Political activists have reacted with anger to revelations in last week's Observer that their organisations were infiltrated by an elite undercover unit of the Metropolitan police.

Members of one of the groups demanded a public inquiry after the Observer disclosed that a former member of Special Branch, known as Officer A, had infiltrated far-left organisations in the mid-1990s to gather intelligence about potentially violent demonstrators. He was regularly involved in brutal confrontations with uniformed police officers and activists from the extreme right. On numerous occasions he engaged in violent acts to maintain his cover.

Many activists suspected they were being infiltrated by the state at the time, but it is only now that their suspicions have been confirmed. One target of Officer A, a former student union leader who has asked not to be identified, told the Observer: "I suspected that my phone might have been tapped. I believed that there might have been some police spies at the demonstrations that I attended. But however paranoid I was, I never imagined they would go so far as to invest the level of resources needed to give someone a completely new identity for five years and have them spy on someone like me. It really is astonishing."

Officer A was part of a secret unit of the Met known as the Special Demonstration Squad (SDS), which since 1968 had 10 full-time undercover operatives inside so-called "subversive" organisations to disrupt their ability to create disorder on the streets of London.

While Officer A targeted the far left, other SDS members were simultaneously infiltrating the far right.
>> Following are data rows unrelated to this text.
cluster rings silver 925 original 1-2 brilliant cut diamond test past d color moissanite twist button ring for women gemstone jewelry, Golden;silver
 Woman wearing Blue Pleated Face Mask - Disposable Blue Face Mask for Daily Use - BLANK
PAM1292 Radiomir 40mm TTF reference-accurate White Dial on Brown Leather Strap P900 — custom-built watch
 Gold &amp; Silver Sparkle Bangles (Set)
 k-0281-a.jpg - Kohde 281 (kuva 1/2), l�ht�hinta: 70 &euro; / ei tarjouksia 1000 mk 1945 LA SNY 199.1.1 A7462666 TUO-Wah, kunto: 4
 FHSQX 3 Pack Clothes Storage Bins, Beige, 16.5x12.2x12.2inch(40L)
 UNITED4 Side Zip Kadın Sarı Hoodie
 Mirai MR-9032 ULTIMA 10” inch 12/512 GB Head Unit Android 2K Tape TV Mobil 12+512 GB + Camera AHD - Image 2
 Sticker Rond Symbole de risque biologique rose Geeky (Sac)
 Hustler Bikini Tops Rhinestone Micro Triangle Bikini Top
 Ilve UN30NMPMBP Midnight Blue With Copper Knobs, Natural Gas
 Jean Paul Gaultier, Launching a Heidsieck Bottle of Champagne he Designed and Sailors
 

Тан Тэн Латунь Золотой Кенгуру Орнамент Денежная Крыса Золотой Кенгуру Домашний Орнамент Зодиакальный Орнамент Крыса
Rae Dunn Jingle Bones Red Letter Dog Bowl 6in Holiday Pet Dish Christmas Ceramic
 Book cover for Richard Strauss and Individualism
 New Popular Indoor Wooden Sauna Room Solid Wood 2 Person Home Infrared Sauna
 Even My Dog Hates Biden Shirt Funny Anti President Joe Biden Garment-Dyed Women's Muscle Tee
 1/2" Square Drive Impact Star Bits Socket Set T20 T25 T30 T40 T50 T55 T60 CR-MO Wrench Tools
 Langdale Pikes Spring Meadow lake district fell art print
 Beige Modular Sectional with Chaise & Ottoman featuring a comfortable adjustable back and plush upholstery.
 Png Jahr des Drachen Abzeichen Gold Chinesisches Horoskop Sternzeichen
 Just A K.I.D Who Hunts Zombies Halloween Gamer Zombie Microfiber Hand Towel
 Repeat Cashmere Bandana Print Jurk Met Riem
By the end of his four-year deployment he had become a branch secretary of a leading anti-racist organisation, Youth Against Racism in Europe (YRE). He used this position to assist in making contact with smaller groups that had a reputation for being involved in violence.

Hannah Sell, national secretary of the YRE at the time of Officer A's deployment, remembers him well but is furious at the implication that the group was involved in violence. "We organised mass peaceful protests against racism and the BNP. In doing so we often faced violence from the far right and the police."

The Observer understands that many of the tactics now used by police in public order situations were developed in response to SDS intelligence about the best way to control potential troublemakers. This includes the controversial tactic known as "kettling", in which protesters are hemmed in on all sides by police, a technique many believe only heightens tensions.

Lois Austin, YRE chair at the time of Officer A's infiltration, told the Observer: "We believe there should be a public inquiry into police tactics at demonstrations. It should be independent, not one where the police investigate themselves. We want to know about their use of spies and whether this unit is still operational."

The calls for an inquiry come amid fresh criticism of heavy-handed police tactics at the G20 protest in London last April, when newspaper seller Ian Tomlinson died of a heart attack soon after being struck by a police baton and pushed to the ground. It has emerged that plainclothes officers from City of London police mingled with the crowd to gather intelligence. Many former activists who believe they were SDS targets intend to take legal action in an attempt to obtain any police intelligence files about their activities.